Niepalący muszą dać trochę luzu palącym, a palący muszą okazywać trochę szacunku i nie obkopcać i wędzić wszystko i wszystkich, bo oni muszą.

 Czy nauczyciel powinien palić... nie wiem. Ale na pewno nie powinien mówic o szkodliwości nałogu, chyba że przyniesie właśne zdjęcia rtg i będzie...

 

;-)

Marek Pleśniar19-02-2005 11:04:48   [#48]

"Niepalący muszą" ? Guzik:-)

poprę pracodawcę, który zada kandydatowi do pracy w szkole pytanie:

Czy pali Pan/i:

a) umiarkowanie

b) dużo)

c) mało

d) wcale

a następnie odrzuci oferty w których odhaczono odpowiedzi: a, b, c

Jestem więc za doborem naturalnym w rynku pracy;-)

Nic to nie ma do "jakości" człowieka który pali. Pracodawcy nic do tego i na szczęscie.

ps. Tylko jak to się ma do już palących, któzy kopcą tym niepalącym z doboru naturalnego?

No cóż, selekcja tego typu ma to do siebie, że trwa eony;-)

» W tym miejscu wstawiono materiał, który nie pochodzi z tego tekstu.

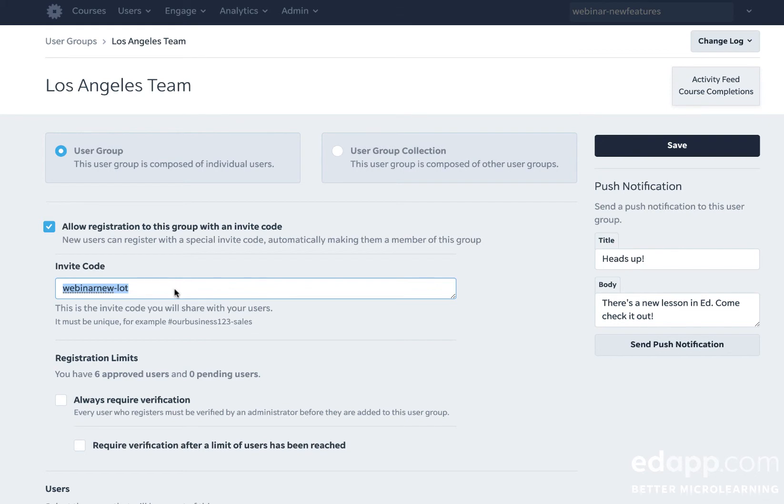Invite codes are not case sensitive and they can include symbols if you require it. The best invite code is the simplest one, so try and keep it simple.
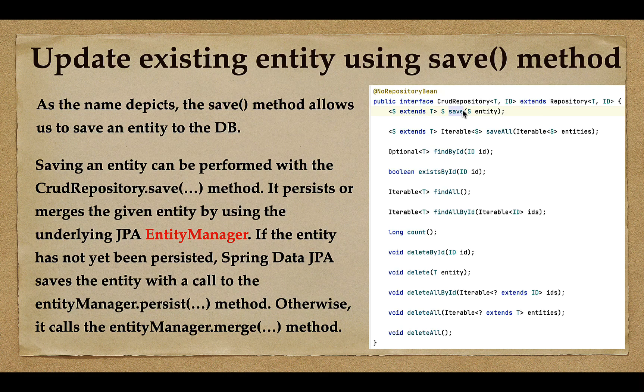Hi, welcome back. In the previous lecture we have seen how to save an entity using the save method. In this lecture we'll see how to update an existing entity using the save method.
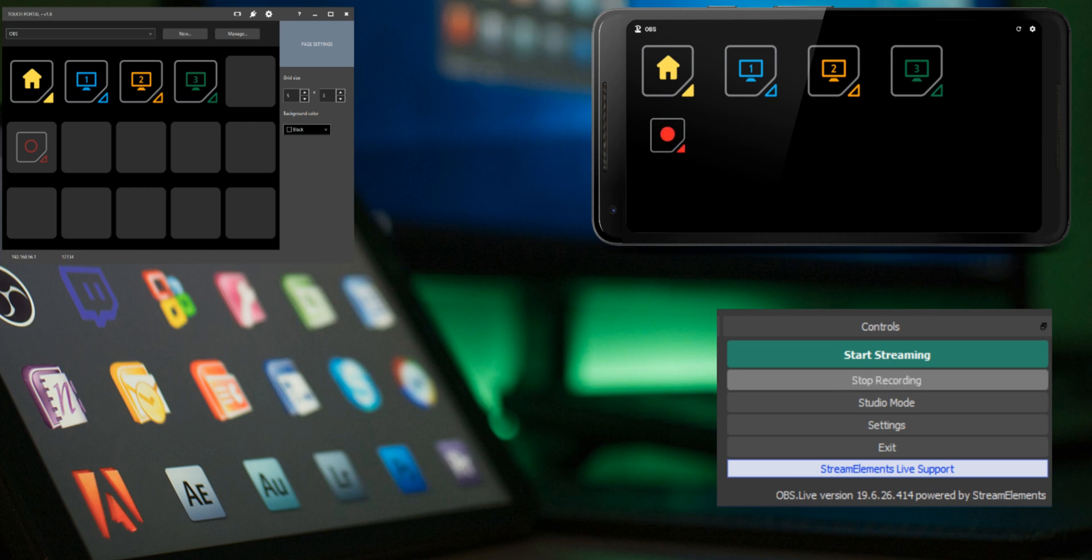This only works when you are using Touch Portal as your remote for OBS. It does not read the state of OBS. We have introduced events for this. Events for OBS are not available yet but will be in future releases.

Gaba19-02-2005 11:24:05   [#49]

ja to chyba już napisałam, że jeżeli mam dwóch równych... na stanowisko wybiorę niepalącego!

 

to powinni młodzi pisac w swoich CV!

Arwena19-02-2005 11:33:54   [#50]

Marku,

1. Wydaje mi się że Twoja propozycja to trochę wylewanie dziecka z kąpielą. Usuwając ze szkoły palących nauczycieli pozbędziemy się często dobrych pracowników, na ich miejsce przyjmując gorszych, ale niepalących.
2. Czytałam w jakiejś mądrej książce ( skleroza, nie pamiętam jakiej), że niektórzy ludzie mają coś w rodzaju wrodzonej skłonności do nałogu. Jeżeli u takiego stłumi się jeden nałóg, to po pewnym czasie delikwent wpada w następny, często dużo gorszy w skutkach.
3. Czy nie wystarczy nie palić przy niepalących?